In [1]:
%load_ext autoreload
%autoreload 2

In [2]:
import warnings
warnings.filterwarnings('ignore')

# Imports

In [3]:
import math
import matplotlib.pyplot as plt
import numpy as np
import pandas as pd
import sys
import time
from tqdm import tqdm

In [4]:
pd.set_option('display.max_columns', 500)
pd.set_option('display.max_colwidth', 150)
pd.set_option('display.max_rows', 500)

In [5]:
from waad.utils.tuples_analyser import AnalystTuplesAnalyser
from waad.utils.constants import TupleAnalysisFields
from waad.utils.data import Data
from waad.utils.combinations_utils import flatten
from waad.utils.postgreSQL_utils import Database, Table
from waad.utils.tuples_big_data import Cache, ComputeMutualInfoOnGivenLevel, ComputeScoreOnGivenLevel

In [6]:
from ad_tree.array_record import ArrayRecord
from ad_tree.sparse_ADTree import ADNode
from ad_tree.iterated_tree_contingency_table import ContingencyTable

# Load data

### Prepare database

In [7]:
HOST = '127.0.0.1' 
PORT = '5432'
USER = ''   # To fill
PASSWORD = ''   # To fill
DB_NAME = ''   # To fill
TABLE_NAME = ''  # To fill

In [8]:
db = Database(HOST, PORT, USER, PASSWORD, DB_NAME)
table = Table(db, TABLE_NAME)

In [9]:
# Comment and uncomment the meta_fields you want to use

META_FIELDS = [('subjectusersid', 'subjectusername', 'subjectdomainname'),
 ('targetusersid', 'targetusername', 'targetdomainname'),
 ('targetservername', 'targetinfo'),
 ('failurereason', 'status', 'substatus'),
 'logontype',
 'eventid',
 'ipaddress',
 'logonprocessname',
 ('authenticationpackagename', 'lmpackagename'),
 'workstationname',
 'host'
]

### Example of request

In [10]:
number_lines = 2500000
data = table.get_command(f"SELECT {', '.join(['eventrecordid', 'systemtime'] + flatten(META_FIELDS))} FROM {table.table_name} WHERE eventid = 4624 FETCH FIRST {number_lines} ROWS ONLY;")

### Filtering bloc

In [11]:
# data = Data.filter_dataframe_field_on_value(data, 'logontype', 3)

### Pre-processing

In [12]:
N = data.shape[0]

**Build meta fields**

In [13]:
Data.build_meta_fields(data, META_FIELDS)

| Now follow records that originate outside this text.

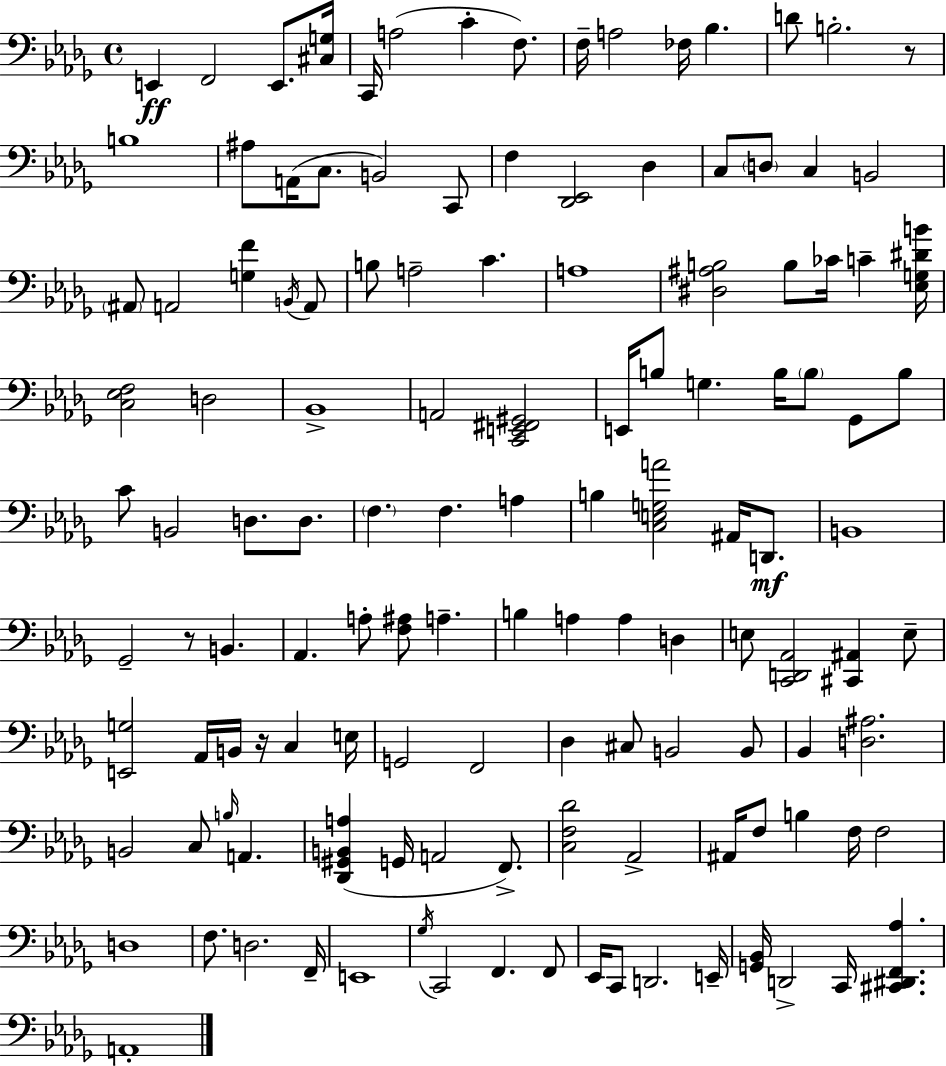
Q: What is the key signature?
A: BES minor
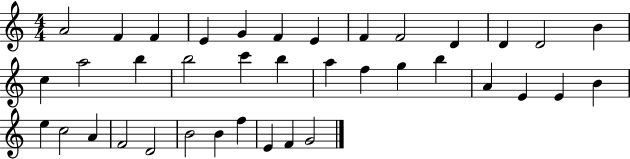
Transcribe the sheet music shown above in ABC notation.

X:1
T:Untitled
M:4/4
L:1/4
K:C
A2 F F E G F E F F2 D D D2 B c a2 b b2 c' b a f g b A E E B e c2 A F2 D2 B2 B f E F G2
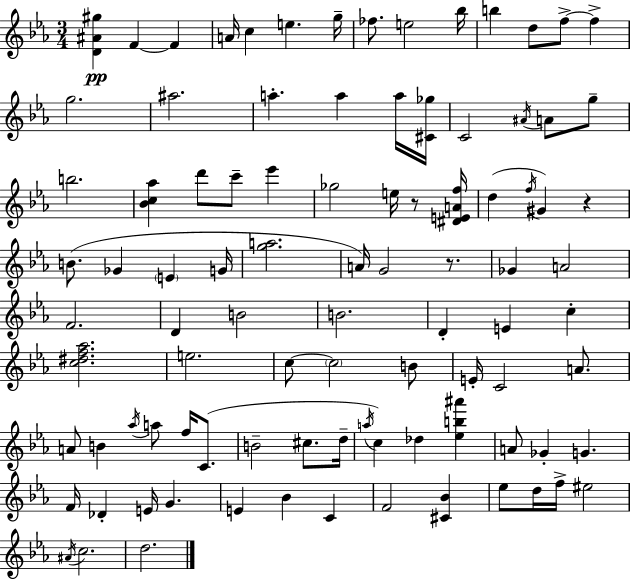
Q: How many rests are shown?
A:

**Convert to categorical**

If we have data to 'categorise', an additional dictionnary parameter is needed : 

```
{
 'trade_usd': [0, 100000, 1000000, 10000000, 100000000, 1000000000, 10000000000, 100000000000, 1000000000000, 10000000000000], 
 'weight_kg': [0, 100000, 1000000, 10000000, 100000000, 1000000000, 10000000000, 100000000000, 1000000000000, 10000000000000]
}
```
It contains the different bins that we want to define on the columns to categorize.

In [14]:
converter = Data.set_as_categorical(data, META_FIELDS)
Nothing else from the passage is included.